Activity
Start at the first line below and write out everything verbatim except the pictures.

Study material
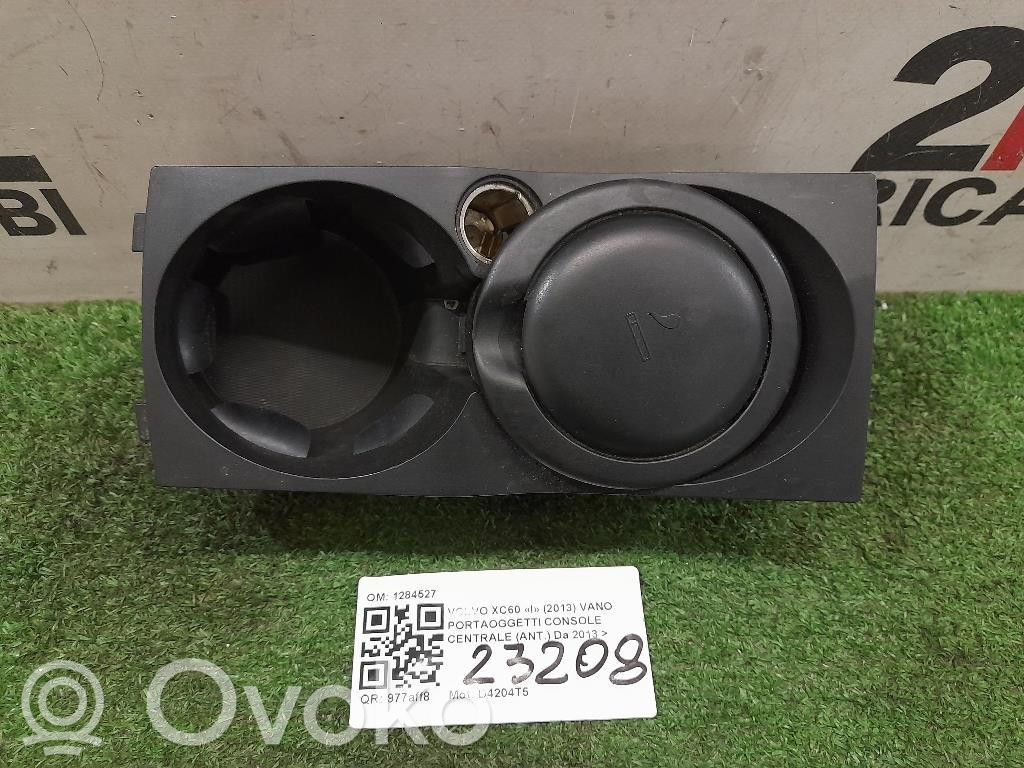 Volvo XC60 Cup holder 
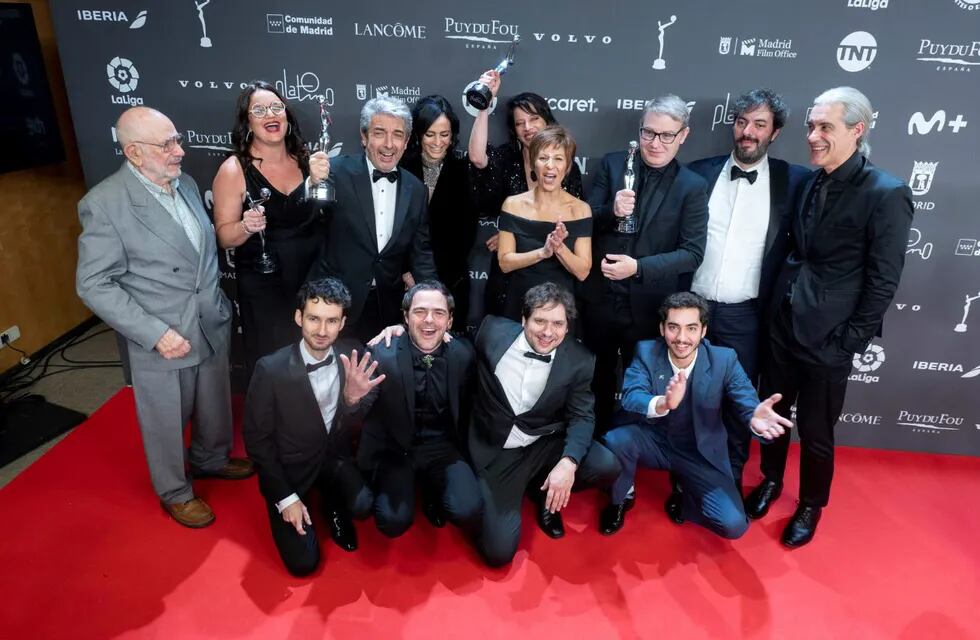 El elenco de "Argentina, 1985" celebrando el Premio Platino a Mejor película iberoamericana de ficción. Madrid, España (Foto: Alberto Ortega /Europa Press via AP)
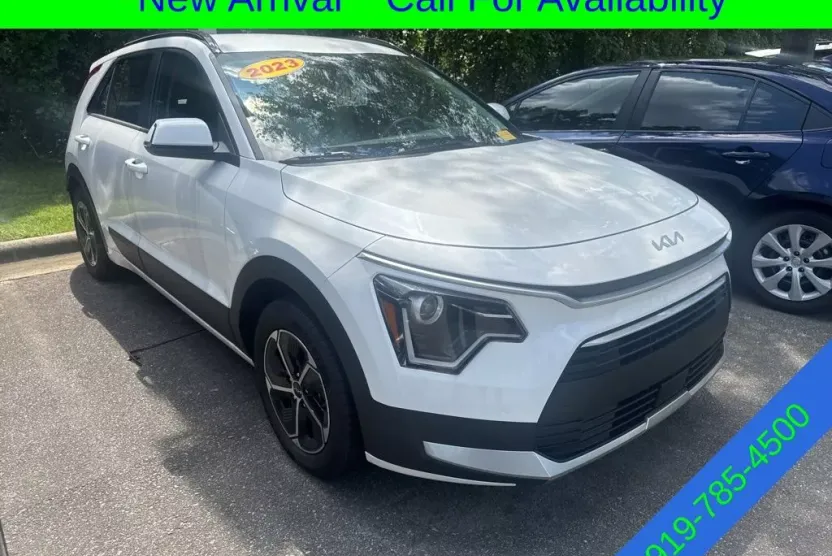 2023 Kia Niro EX photo 1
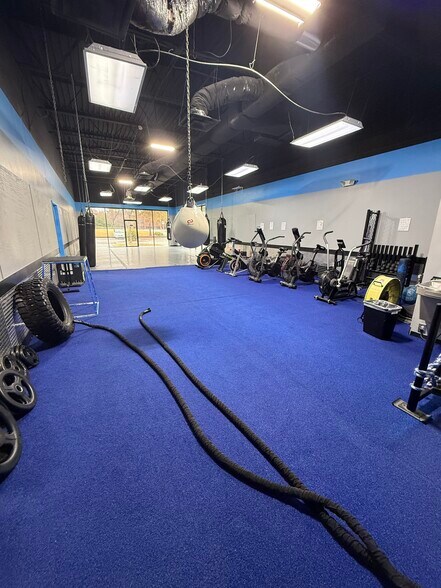 More Photos Of 5770 Peachtree Industrial Blvd, Norcross General Retail For Lease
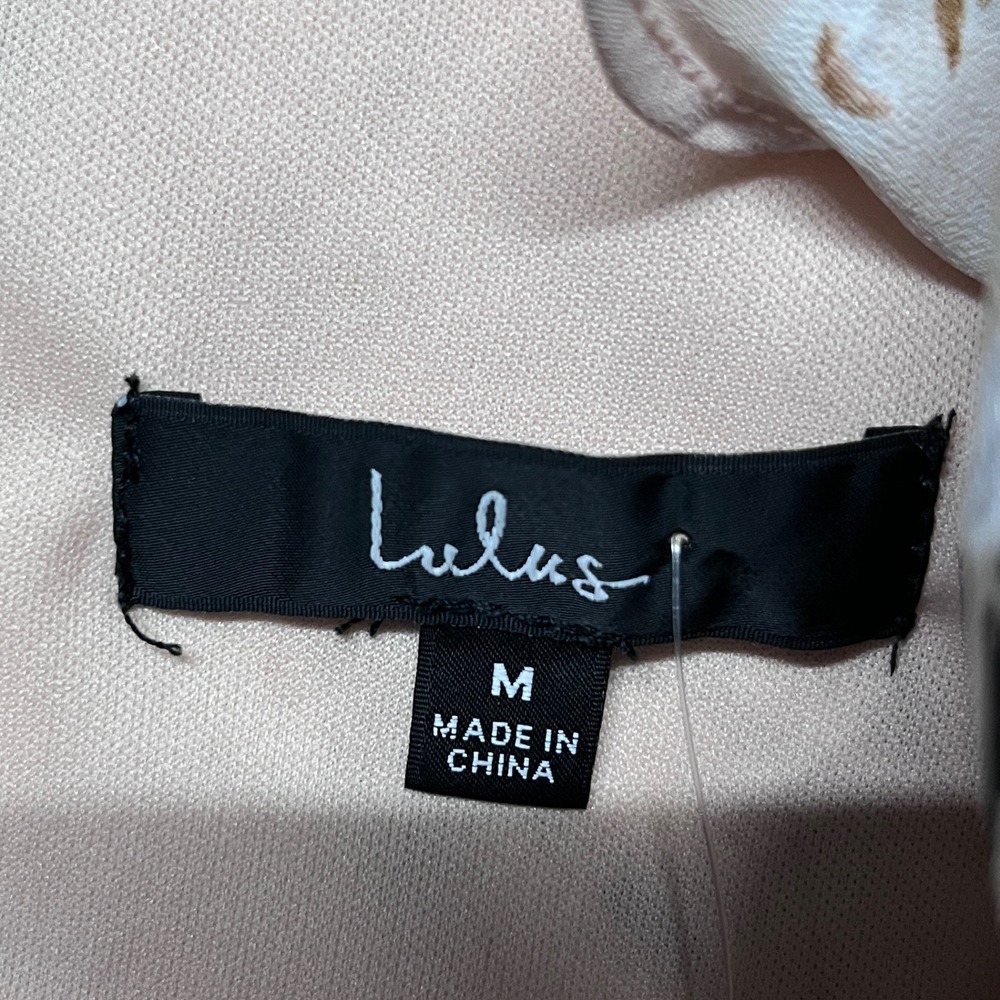 Lulus Jumpsuit Medium Pink Floral Ruffle V-Neck Sleeveless Shorts Romper  3688 - Picture 4 of 8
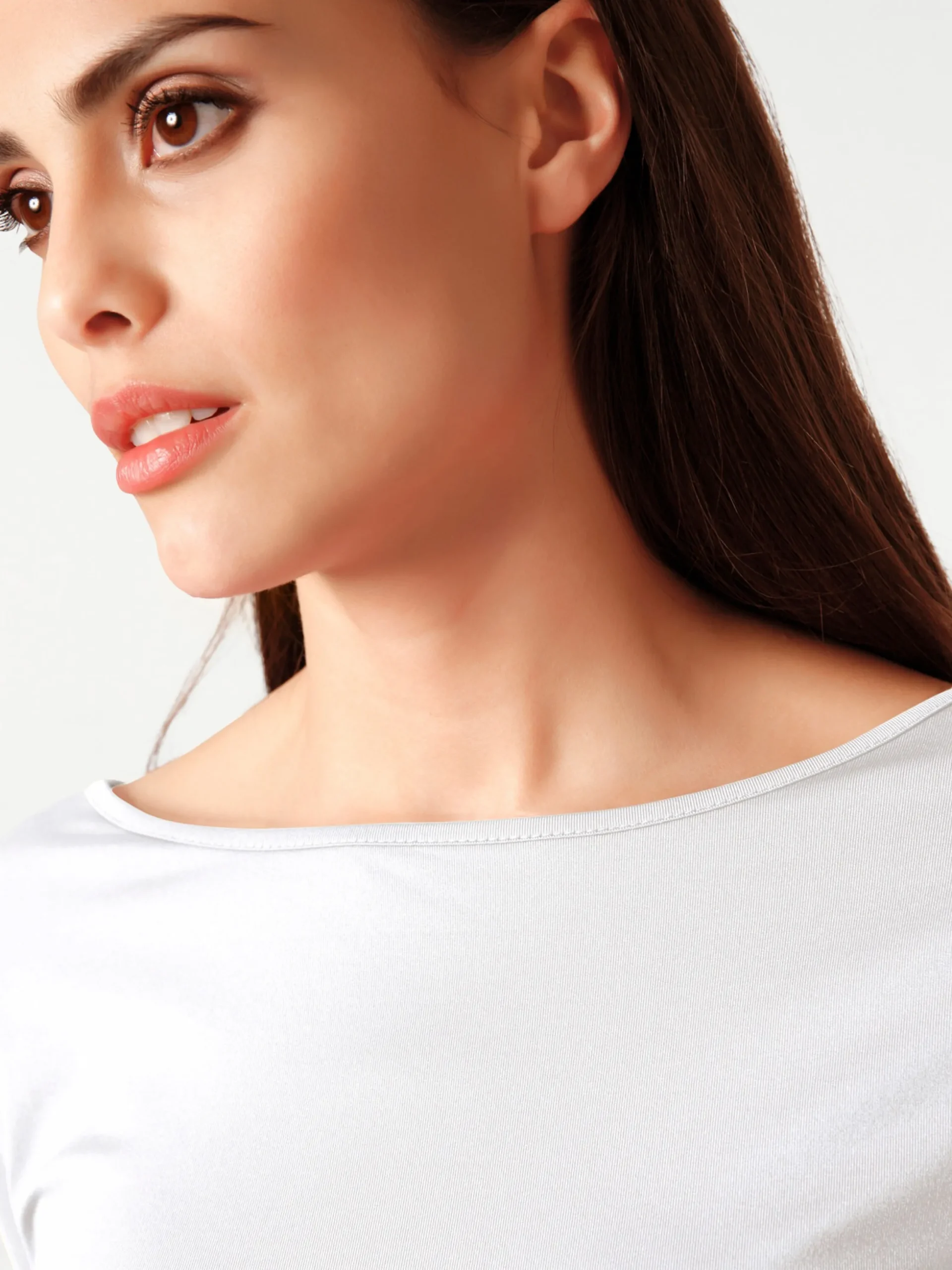 Basics|heine Kurzarmshirt mit V-Ausschnitt hinten weiß
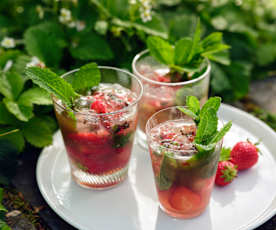 Jordbærmojito med ingefær og myntesirup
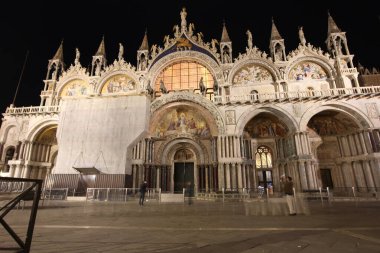 İtalya, Venedik 'teki Aziz Mark Bazilikası' nın gece manzarası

Exercise answer
 Volvo XC60 Cup holder 
 El elenco de "Argentina, 1985" celebrando el Premio Platino a Mejor película iberoamericana de ficción. Madrid, España (Foto: Alberto Ortega /Europa Press via AP)
 2023 Kia Niro EX photo 1
 More Photos Of 5770 Peachtree Industrial Blvd, Norcross General Retail For Lease
 Lulus Jumpsuit Medium Pink Floral Ruffle V-Neck Sleeveless Shorts Romper  3688 - Picture 4 of 8
 Basics|heine Kurzarmshirt mit V-Ausschnitt hinten weiß
 Jordbærmojito med ingefær og myntesirup
 İtalya, Venedik 'teki Aziz Mark Bazilikası' nın gece manzarası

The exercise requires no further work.